History of Project Labor Agreements

The use of PLAs on Federal and Federally assisted construction contracts has long been a source of contention between those who believe that PLAs make construction more efficient by bringing labor peace and providing for the orderly resolution of labor disputes, and those who see PLAs as discriminating in favor of union contractors and labor and increasing labor costs.

For example, the Federal Highway Administration (FHWA) does not permit states to discriminate among contractors on the basis of whether they are open or closed shops. FHWA has interpreted such provisions as violating the requirements for fair and open competition under 23 U.S.C. §112.[5] However, FHWA decided in the 1980s that a PLA did not violate this requirement unless it restricted employment of non-union members or excluded open shop contractors. Based on this interpretation, a number of Federal-aid projects were implemented with PLAs, perhaps most prominently the $14.5 billion Central Artery/Third Harbor Tunnel project (the "Big Dig") in Boston.

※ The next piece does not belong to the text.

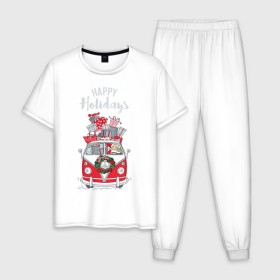 Мужская пижама хлопок с принтом Happy holiday в Петрозаводске, 100% хлопок | брюки и футболка прямого кроя, без карманов, на брюках мягкая резинка на поясе и по низу штанин
 | 
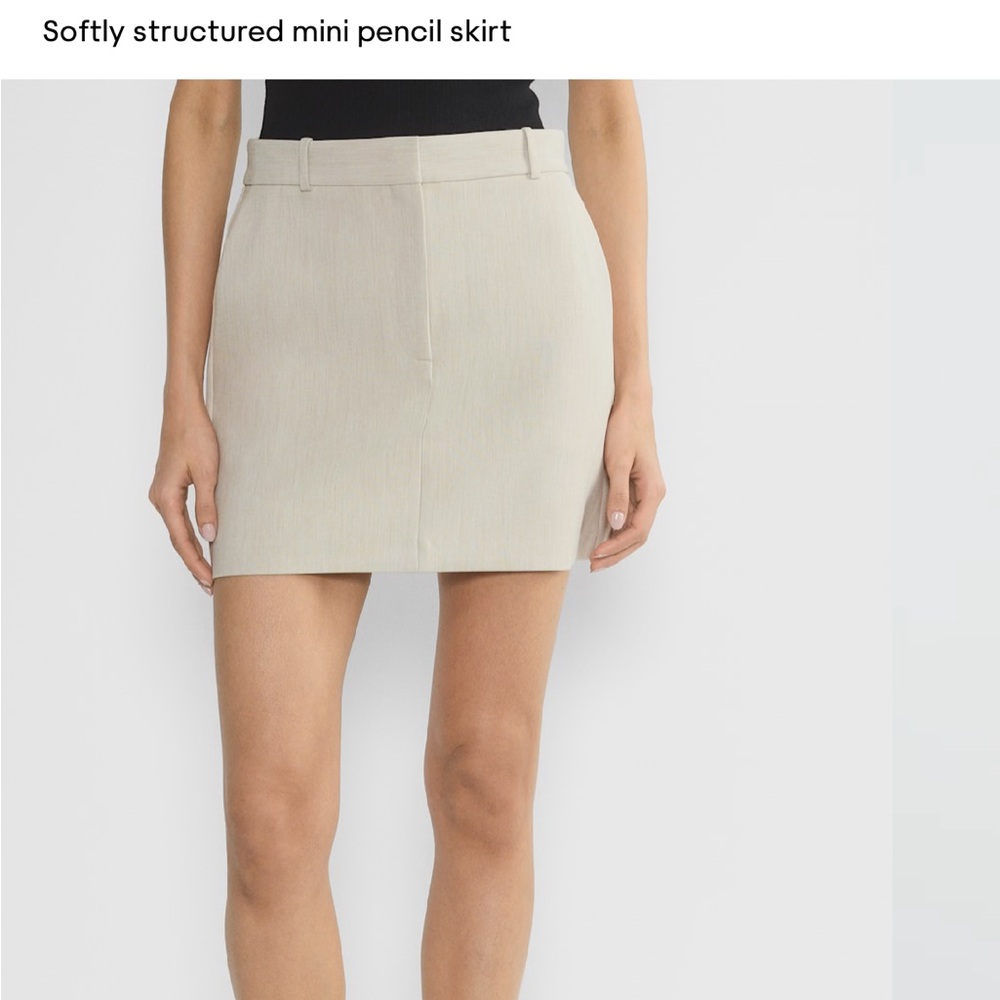 Aritzia Oat Beige Mini Pencil Skirt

On October 23, 1992, President George H.W. Bush issued Executive Order 12818[6] (the Bush I Order), which rendered PLAs unenforceable by providing that no bid specification, project agreement or other controlling document for a Federal or Federally assisted contract could require that bidders, offerors, contractors or subcontractors enter into or adhere to agreements with labor organizations or become members of labor organizations. This had the effect of prohibiting Federal agencies and recipients of Federal funding from imposing PLAs on their contractors or subcontractors. The Bush I Order further forbade Federal agencies and recipients of Federal funding from discriminating against contractors and subcontractors who declined participation in any labor agreement involved in a Federal or Federally assisted project. Since the Bush I Order applied to Federal agencies and Federal grantees, nothing in the Bush I Order prohibited contractors from voluntarily entering into a PLA on their own. Notably, the Bush I Order did not apply to PLAs already in place, such as the one for the Big Dig.[7]

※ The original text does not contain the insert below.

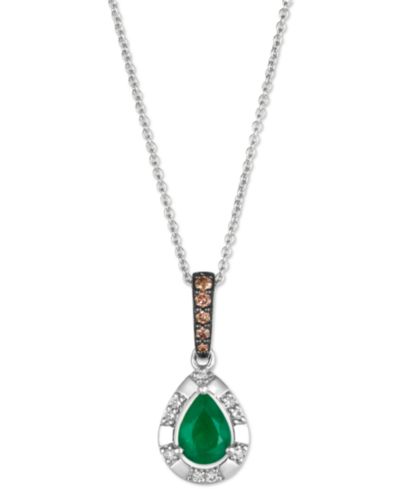Регулируемое подвесное ожерелье Le Vian® Costa Smeralda с изумрудами (1/2 ct. t.w.) и бриллиантами (1/8 ct. t.w.) в ореоле, белое золото 14k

On February 1, 1993, President Clinton issued Executive Order 12836[8] (the Clinton Order), revoking the Bush I Order. From that date until February 17, 2001, PLAs were once again allowed, subject to the constraints discussed above.

On February 17, 2001, President George W. Bush issued Executive Order 13202 (the Bush II Order), with the stated purpose of maintaining government neutrality towards government contractors' labor relations. The Bush II Order forbade Federal and Federally assisted contracts from requiring PLAs, but expressly permitted contractors to enter into PLAs. This effectively precluded use of PLAs on large projects involving several prime contractors. The Building and Construction Trades Department of the AFL-CIO, however, challenged the Bush II Order, asserting that it violated the NLRA and thus constituted an unconstitutional abuse of executive power. The District Court agreed and enjoined application of the Bush II Order. [9] The Court of Appeals reversed, holding that the President had the authority to impose these kinds of conditions on Federal contracts and Federal grants.[10] Thus, for the remainder of Bush's term, PLAs on projects using Federal funds were effectively prohibited.

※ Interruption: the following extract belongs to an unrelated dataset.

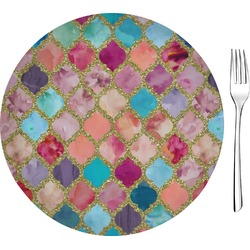 Glitter Moroccan Watercolor Glass Appetizer / Dessert Plate 8"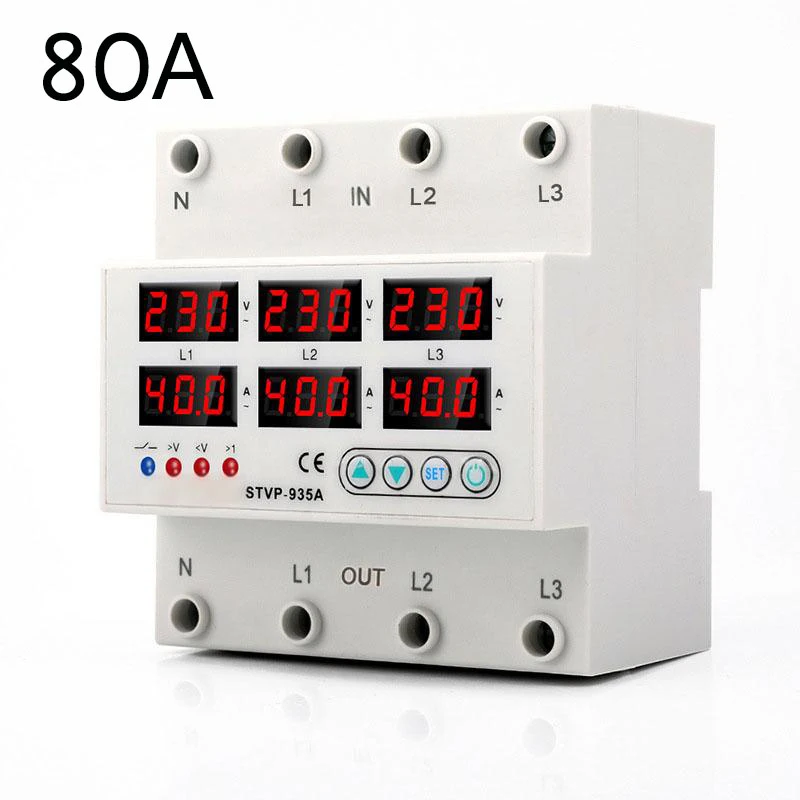 Фото STVP-935A Защита реле 3-фазная 40A/63A/80A/100A DIN-рейка Регулируемая защита от перенапряжения и пониженного напряжения и тока №5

The Obama Order encourages Federal agencies to consider PLAs for large Federal construction projects. Moreover, by rescinding the Bush II Order, President Obama removed the prohibition on PLAs for projects using Federal aid funds.

This raises an interesting prospect for FHWA. When the Bush II Order was issued in early 2001, FHWA had before it a request from Maryland to add a requirement to use PLAs to its contract specifications for the Woodrow Wilson Bridge Project in the Washington, D.C. area. Pursuant to the Bush II Order, FHWA turned down Maryland's request. When the Bush II Order was enjoined, Maryland resubmitted its request and FHWA decided to examine this request under its competition in contracting requirements (23 U.S.C. §112), quite independently of the Bush II Order which at the time was under injunction by the District Court in the case discussed above.[11] FHWA issued standards under which the Maryland request would be reviewed. Maryland was then given the opportunity to submit evidence that its request met or could meet these standards. Since Maryland proposed the use of a potentially restrictive specification, the burden was on Maryland to show that the PLA was not anticompetitive. After a thorough review of Maryland's submission and consideration of the potential impact of the State-imposed PLA on the competitive process, FHWA issued a lengthy decision denying Maryland's request to amend its specifications to include a PLA requirement.[12]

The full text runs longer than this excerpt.